The “Strokes” of Free Motion Quilting
Although cursive writing is no longer being taught in schools, back in the day when it was, students took a class called penmanship. In that class they traced the letters and repeated the strokes needed to create beautiful hand writing, or at least legible writing. This usually started in late 2nd or in 3rd grade. Learning to free motion quilt is very similar to penmanship class. There are only five strokes you need to practice which are the arc, “s,” loop, hook or point, and straight line. Unlike penmanship class, however, these strokes (movements) need to be practiced and mastered working in all directions, not just left to right. Like penmanship, mastering the strokes first before applying them to a design is helpful and actually shortens the learning curve of free motion quilting.
Practicing Free Motion Strokes
One quick look at a panto will confirm that all free motion quilting designs are a combination of two or more of these strokes (movements). So, how or where does a quilter practice to become proficient and confident?
Practice Without Wasting Fabric and Batting
The good news is that it is not totally necessary to practice at the machine or longarm. Simply moving the hand and arm through the strokes builds muscle memory. As a result, the quilter can create a series of exercises making these strokes on a whiteboard with a dry erasable marker, using a pencil on paper, or even following a panto pattern with your finger. Remember that these strokes must be made in all directions, R to L, L to R, top to bottom, bottom to top, diagonally, etc. Although these exercises are a wonderful place to start and practice to remain proficient, at some point it is necessary to work at the machine.
Practice At The Machine
For longarm quilters, pantos are a great place to start. The design is already there, the strokes pre- planned, and the results should look very nice. And remember, no one knows whether your laser was on the line or not.
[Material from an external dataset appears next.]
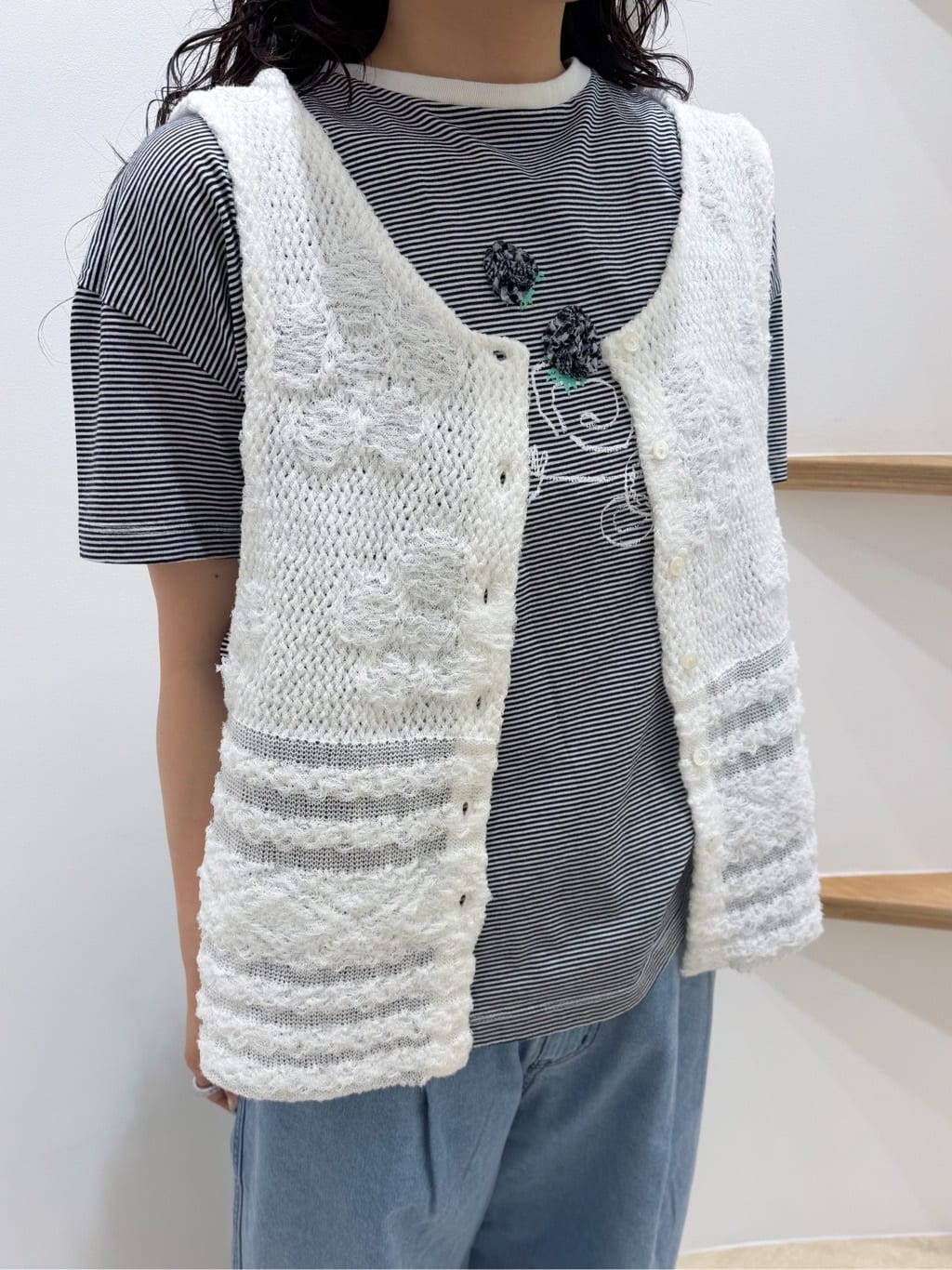 l'atelier du savon ラフォーレ原宿 身長:150cm 2025.04.22 l'atelier du savon ラフォーレ原宿 身長:150cm 2025.04.22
If you feel you are not ready to tackle one of your quilts, or even a charity quilt, the next
Cat Crate Pads from Practice Quilts
best option is to purchase inexpensive fabric and batting (neither recommended for quilts you cherish or give) and simply practice the strokes over and over again. Then begin to build the strokes into simpler designs at first, progressing to more complicated designs. If you are feeling wasteful in doing this, know that veterinary offices usually welcome things that can be used as mats in the pet crates. Our local vet has crates that are 14″ x 18″ for the cats. Because I use a lot of practice fabric and batting on the frame at quilt shows (about 5-7 yards per show), I always “recycle” or re-purpose the “quilt” into cat crate mats. I cut them to size and either zig-zag or serge around the edges before giving them to the vet. They do appreciate them, use them, may even wash them a number of times until they are no longer usable.
If you want to learn a new design, learn feathers, or improve the designs you already do, practice them before you start quilting on the quilt. Use the whiteboard, paper/pencil, trace with your finger, or trace the design with the machine not running, or keep a practice “quilt” ready. Even when I free motion quilt a small project at my home machine, I always have a practice piece ready to get warmed up on. For larger projects I plan to longarm, I always have a large practice “quilt” ready to zip onto the longarm. Practice is never a waste of time or materials. It is the best, and only way, to improve your quilting skills.